» Task to complete
Take the line containing "Spearfishing: Home Ground Pt 67" and each line after it through the end of the data below, and return them exactly, minus any pictures.

··· Supplied data

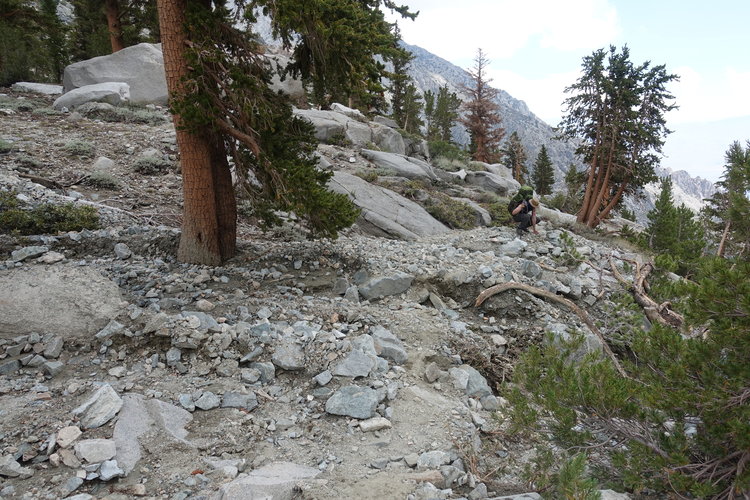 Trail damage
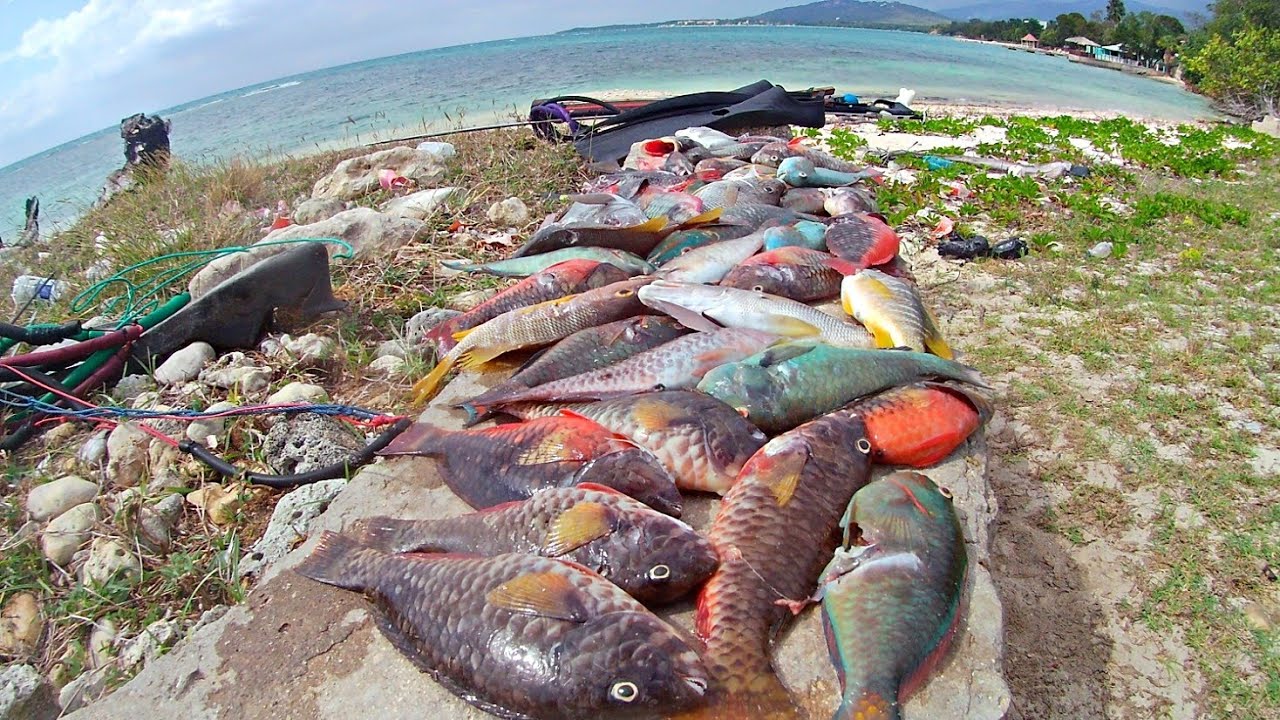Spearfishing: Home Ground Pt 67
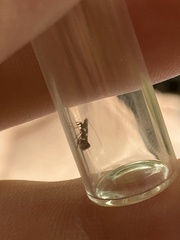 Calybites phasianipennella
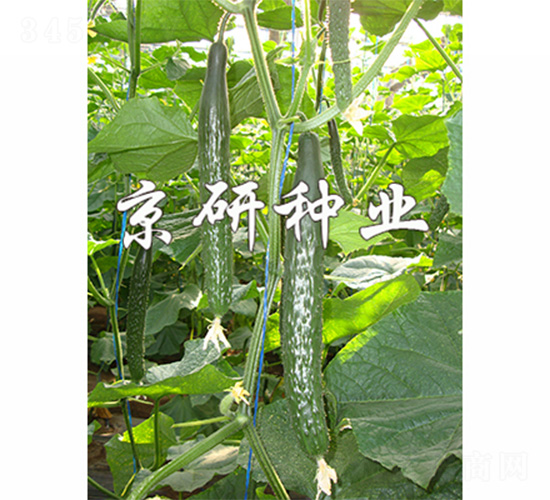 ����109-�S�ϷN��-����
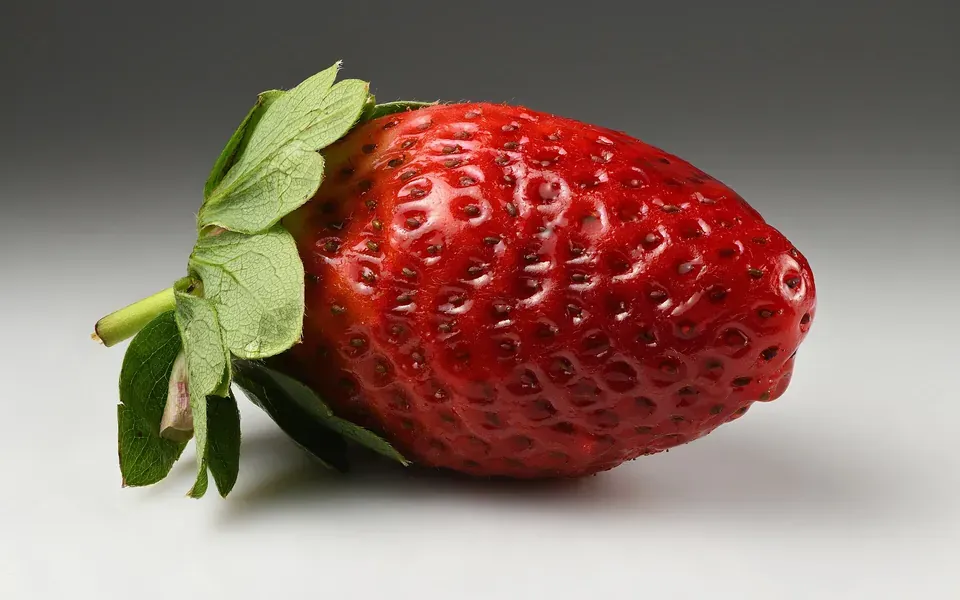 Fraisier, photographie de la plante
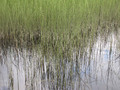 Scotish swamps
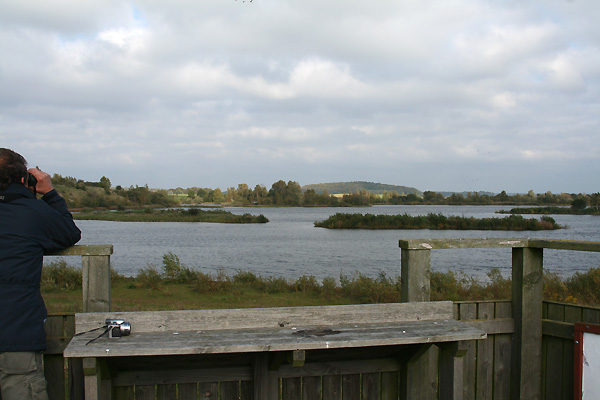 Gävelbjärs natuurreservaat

······

» Response for this exercise
Spearfishing: Home Ground Pt 67
 Calybites phasianipennella
 ����109-�S�ϷN��-����
 Fraisier, photographie de la plante
 Scotish swamps
 Gävelbjärs natuurreservaat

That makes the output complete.